Hm… Ich muss ehrlich sagen, ich bin kein großer Fan davon. Die klassische Führerscheinausbildung ist sehr wichtig. Sicherlich sind die heutigen Lkw viel leichter zu fahren als die von früher. Aber gerade das verleitet vielleicht dazu, die Dimensionen und den Umgang mit so einem großen Fahrzeug zu unterschätzen.
„Wir haben bereits fünf oder sechs sehr aktive Kinderfeuerwehren“
Gibt es bei uns im Landkreis eigentlich auch schon Kinderfeuerwehren?
Ja. Wir haben mittlerweile fünf oder sechs Kinderfeuerwehren, die sehr aktiv sind. In Freyung zum Beispiel gibt es unter den sechs Feuerwehren, die zum Stadtbereich gehören, zwei Kinderfeuerwehren mit einer stattlichen Anzahl an Kindern.
Was muss man sich unter einer Kinderfeuerwehr vorstellen?

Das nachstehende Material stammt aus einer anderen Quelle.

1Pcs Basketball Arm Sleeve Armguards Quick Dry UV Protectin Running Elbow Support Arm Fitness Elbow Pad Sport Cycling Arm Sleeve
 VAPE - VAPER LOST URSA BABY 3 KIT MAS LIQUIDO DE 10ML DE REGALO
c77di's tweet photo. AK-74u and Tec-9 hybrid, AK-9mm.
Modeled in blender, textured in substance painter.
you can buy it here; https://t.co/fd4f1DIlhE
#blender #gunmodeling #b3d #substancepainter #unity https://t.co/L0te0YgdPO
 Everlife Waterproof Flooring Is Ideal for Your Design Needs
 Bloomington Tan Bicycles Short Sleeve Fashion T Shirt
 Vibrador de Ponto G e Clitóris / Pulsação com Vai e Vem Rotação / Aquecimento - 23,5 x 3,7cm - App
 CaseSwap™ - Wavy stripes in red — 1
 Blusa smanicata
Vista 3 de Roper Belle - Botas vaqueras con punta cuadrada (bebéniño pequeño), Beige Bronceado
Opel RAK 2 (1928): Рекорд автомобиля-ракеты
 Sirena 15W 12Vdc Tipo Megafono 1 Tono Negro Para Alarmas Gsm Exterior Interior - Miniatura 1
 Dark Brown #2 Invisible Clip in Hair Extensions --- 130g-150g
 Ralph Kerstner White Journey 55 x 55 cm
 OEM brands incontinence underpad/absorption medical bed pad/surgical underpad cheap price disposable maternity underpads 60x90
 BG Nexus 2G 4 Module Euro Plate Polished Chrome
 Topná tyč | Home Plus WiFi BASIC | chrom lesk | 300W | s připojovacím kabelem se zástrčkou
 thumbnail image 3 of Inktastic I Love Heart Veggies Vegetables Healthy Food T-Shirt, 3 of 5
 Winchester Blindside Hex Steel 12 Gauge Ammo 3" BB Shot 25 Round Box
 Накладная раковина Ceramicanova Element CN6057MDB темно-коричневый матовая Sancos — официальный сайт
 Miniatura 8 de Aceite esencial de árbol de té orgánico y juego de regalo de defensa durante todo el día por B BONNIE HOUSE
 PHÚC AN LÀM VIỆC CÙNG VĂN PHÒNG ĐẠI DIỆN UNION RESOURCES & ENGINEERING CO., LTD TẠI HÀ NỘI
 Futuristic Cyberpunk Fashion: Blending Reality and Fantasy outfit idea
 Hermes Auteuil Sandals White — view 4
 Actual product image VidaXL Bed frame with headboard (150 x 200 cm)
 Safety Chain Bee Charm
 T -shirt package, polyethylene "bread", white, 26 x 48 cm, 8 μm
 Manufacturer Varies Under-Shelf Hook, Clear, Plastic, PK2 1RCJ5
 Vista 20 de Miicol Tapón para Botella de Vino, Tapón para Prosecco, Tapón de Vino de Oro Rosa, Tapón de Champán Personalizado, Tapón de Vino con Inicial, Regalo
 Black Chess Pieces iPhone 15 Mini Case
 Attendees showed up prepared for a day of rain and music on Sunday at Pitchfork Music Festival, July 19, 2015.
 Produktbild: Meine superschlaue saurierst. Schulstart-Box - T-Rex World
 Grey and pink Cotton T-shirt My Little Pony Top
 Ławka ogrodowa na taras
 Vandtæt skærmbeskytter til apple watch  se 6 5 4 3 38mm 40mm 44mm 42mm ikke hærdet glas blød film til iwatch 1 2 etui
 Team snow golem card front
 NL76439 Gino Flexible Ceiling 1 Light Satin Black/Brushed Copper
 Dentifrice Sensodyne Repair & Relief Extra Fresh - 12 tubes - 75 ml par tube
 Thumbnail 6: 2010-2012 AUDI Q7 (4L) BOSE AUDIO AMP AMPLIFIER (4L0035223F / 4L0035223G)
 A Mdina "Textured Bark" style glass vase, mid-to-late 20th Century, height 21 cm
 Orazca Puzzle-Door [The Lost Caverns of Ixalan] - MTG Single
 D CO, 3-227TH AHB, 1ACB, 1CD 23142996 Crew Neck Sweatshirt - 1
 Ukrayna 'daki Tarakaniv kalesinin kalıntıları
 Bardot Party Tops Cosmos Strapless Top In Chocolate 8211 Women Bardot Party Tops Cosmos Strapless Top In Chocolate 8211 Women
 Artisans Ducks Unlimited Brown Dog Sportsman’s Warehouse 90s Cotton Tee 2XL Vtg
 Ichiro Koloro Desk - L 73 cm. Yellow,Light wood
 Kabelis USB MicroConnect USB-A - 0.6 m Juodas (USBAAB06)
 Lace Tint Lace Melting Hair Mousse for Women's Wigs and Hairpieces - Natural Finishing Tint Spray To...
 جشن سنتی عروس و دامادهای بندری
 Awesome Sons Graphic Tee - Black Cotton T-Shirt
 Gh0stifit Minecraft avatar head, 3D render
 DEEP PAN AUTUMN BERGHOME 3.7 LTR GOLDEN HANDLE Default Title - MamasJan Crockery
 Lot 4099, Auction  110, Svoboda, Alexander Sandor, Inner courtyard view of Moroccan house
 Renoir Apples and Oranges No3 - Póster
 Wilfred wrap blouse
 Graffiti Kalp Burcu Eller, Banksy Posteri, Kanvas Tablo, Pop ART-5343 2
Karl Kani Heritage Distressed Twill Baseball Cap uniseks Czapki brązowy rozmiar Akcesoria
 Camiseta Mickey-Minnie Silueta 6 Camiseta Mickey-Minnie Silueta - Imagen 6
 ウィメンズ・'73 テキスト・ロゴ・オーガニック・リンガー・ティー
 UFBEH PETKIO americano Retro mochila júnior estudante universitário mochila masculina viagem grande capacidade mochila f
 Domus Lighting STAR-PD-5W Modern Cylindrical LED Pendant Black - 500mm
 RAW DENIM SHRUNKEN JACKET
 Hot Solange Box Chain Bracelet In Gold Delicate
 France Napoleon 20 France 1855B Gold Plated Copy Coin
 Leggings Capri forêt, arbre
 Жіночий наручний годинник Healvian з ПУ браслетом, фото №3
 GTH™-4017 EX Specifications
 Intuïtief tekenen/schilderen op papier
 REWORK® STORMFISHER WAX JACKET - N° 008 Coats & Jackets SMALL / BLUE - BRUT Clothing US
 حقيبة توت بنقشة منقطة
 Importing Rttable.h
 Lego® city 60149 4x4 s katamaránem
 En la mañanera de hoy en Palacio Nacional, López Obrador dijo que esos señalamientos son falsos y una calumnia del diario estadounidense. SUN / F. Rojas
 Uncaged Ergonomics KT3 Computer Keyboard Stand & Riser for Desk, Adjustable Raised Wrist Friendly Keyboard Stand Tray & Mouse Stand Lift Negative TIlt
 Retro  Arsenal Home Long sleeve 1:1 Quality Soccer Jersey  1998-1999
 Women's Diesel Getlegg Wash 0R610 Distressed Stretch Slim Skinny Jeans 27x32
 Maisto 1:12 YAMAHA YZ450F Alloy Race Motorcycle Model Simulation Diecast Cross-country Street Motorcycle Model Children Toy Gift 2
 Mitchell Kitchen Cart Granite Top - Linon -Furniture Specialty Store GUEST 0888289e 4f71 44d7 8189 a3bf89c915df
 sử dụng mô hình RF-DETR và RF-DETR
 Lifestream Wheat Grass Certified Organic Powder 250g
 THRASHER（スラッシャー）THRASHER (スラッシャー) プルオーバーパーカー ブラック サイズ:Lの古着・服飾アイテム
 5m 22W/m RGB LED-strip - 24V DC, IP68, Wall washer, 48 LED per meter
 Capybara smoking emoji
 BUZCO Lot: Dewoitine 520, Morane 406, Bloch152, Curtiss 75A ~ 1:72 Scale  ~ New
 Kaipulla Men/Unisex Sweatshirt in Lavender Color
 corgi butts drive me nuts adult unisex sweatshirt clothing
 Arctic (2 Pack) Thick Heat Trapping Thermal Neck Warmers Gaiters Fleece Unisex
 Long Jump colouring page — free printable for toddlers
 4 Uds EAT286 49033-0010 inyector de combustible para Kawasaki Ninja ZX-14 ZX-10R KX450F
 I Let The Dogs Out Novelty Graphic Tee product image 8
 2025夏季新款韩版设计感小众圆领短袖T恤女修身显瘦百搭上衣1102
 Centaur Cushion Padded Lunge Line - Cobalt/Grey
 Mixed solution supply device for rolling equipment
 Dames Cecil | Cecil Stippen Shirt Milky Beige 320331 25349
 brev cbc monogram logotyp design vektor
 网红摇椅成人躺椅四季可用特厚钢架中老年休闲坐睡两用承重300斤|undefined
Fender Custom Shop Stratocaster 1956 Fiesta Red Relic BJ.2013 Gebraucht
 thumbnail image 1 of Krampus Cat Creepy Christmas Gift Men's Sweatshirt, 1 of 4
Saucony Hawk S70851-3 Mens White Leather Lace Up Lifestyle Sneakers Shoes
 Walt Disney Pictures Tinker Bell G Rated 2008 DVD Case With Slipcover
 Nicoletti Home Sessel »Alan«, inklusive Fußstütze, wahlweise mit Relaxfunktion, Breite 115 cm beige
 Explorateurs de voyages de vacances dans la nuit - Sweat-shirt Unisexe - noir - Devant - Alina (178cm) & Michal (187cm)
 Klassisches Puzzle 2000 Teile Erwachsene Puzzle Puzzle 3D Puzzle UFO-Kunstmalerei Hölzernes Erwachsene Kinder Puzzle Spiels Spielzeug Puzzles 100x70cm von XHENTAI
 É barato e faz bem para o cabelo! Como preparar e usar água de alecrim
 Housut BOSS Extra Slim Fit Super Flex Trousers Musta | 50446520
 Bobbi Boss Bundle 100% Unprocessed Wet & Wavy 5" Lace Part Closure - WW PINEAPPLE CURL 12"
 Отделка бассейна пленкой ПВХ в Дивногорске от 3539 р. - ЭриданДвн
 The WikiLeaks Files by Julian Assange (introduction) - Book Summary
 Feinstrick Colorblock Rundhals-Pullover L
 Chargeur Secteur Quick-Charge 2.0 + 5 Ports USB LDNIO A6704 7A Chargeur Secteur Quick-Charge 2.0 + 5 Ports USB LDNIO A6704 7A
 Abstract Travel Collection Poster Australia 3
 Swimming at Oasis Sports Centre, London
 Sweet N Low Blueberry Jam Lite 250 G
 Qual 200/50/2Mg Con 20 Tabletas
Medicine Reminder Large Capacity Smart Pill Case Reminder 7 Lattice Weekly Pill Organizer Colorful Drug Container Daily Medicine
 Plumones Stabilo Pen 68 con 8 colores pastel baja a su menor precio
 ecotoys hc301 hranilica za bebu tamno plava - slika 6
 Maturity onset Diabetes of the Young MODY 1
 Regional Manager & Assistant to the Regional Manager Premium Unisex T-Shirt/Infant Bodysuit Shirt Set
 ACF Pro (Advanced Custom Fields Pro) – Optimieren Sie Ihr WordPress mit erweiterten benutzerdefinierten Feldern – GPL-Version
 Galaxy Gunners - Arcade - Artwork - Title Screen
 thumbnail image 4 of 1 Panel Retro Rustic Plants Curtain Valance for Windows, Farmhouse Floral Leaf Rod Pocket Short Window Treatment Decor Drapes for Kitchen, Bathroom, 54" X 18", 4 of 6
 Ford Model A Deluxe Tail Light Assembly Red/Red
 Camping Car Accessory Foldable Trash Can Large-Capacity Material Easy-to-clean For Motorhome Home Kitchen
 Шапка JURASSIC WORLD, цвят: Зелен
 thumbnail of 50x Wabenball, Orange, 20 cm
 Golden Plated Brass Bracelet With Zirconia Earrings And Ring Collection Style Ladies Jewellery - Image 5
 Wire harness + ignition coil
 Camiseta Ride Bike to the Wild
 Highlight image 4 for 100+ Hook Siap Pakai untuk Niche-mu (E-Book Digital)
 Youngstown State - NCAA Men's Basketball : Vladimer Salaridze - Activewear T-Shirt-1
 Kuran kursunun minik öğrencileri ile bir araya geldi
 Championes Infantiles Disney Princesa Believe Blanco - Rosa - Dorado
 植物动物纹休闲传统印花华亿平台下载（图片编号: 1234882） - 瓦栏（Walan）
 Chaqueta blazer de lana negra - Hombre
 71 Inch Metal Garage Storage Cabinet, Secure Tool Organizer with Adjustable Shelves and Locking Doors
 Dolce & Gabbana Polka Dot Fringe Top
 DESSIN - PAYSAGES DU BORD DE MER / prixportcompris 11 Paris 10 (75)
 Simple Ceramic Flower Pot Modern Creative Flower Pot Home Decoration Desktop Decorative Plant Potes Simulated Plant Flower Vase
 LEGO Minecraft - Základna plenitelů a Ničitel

Dabei handelt es sich um ein Angebot für Kinder zwischen sechs und zwölf Jahren. Primär geht es dabei um Kinderfreizeitbetreuung. Hauptsächlich sind es Frauen von Aktiven, auch mit pädagogischer Ausbildung, die diese Betreuung übernehmen. Dabei dürfen die Kleinen auf jeden Fall schon etwas Feuerwehrluft schnuppern – Brandschutzerziehung ist ein großes Thema -, aber die ganze feuerwehrtechnische Ausbildung kommt erst in der Jugendfeuerwehr. Ich persönlich halte das Konzept für eine gute Idee, auch im Hinblick auf die Vereinsbindung. Ob sich Kinderfeuerwehren positiv auf die Mitgliederzahlen auswirken, kann man jetzt noch nicht sagen, da muss man einfach abwarten. Aber ich denke schon.
Thomas, vielen Dank für das interessante Gespräch. Wir wünschen weiterhin viel Erfolg in der Jugendarbeit.